Extrarenal rhabdoid tumors of soft tissue: Clinicopathological and molecular genetic review and distinction from other soft-tissue sarcomas with rhabdoid features
Article first published online: 16 MAY 2006
Volume 56, Issue 6, pages 287–295, June 2006
How to Cite
Oda, Y. and Tsuneyoshi, M. (2006), Extrarenal rhabdoid tumors of soft tissue: Clinicopathological and molecular genetic review and distinction from other soft-tissue sarcomas with rhabdoid features. Pathology International, 56: 287–295. doi: 10.1111/j.1440-1827.2006.01962.x
- Issue published online: 16 MAY 2006
- Article first published online: 16 MAY 2006
- Received 28 December 2005. Accepted for publication 13 January 2006.

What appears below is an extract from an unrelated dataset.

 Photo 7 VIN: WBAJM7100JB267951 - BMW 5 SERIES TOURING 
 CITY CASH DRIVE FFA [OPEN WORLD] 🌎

- extrarenal rhabdoid tumor;
- proximal-type epithelioid sarcoma;
- soft tissue tumor
Malignant rhabdoid tumor (MRT) of the soft tissue is a rare and highly aggressive tumor that occurs in infancy or childhood. It predominantly involves a deep axial location such as the neck or paraspinal region. Microscopically, the tumor is composed of a diffuse proliferation of rounded or polygonal cells with eccentric nuclei, prominent nucleoli and glassy eosinophilic cytoplasm containing hyaline-like inclusion bodies, arranged in sheets and nests. These characteristic ‘rhabdoid cells’ are also present in certain soft-tissue sarcomas such as synovial sarcoma, extraskeletal myxoid chondrosarcoma and leiomyosarcoma. The existence of rhabdoid cells in these other sarcomas is correlated with a worse prognosis for the patients. Cytogenetic and molecular analyses have shown abnormalities in the long arm of chromosome 22 and alteration of the hSNF5/INI1 (SMARCB1) gene in renal, extrarenal and intracranial MRT. This gene alteration has been considered to be a specific molecular event in MRT, but a recent study has also demonstrated frequent alteration of this gene in proximal-type epithelioid sarcoma (ES). Both MRT of soft tissue and proximal-type ES show immunoreactivity for vimentin, cytokeratin and epithelial membrane antigen. The tumor cells of proximal-type ES are also occasionally positive for CD34 and β-catenin, whereas MRT of soft tissue has no immunoreaction for these markers. Detailed clinicopathological and immunohistochemical evaluations are necessary to distinguish MRT of soft tissue from proximal-type ES, because these tumors demonstrated a similar morphology and the same gene alteration.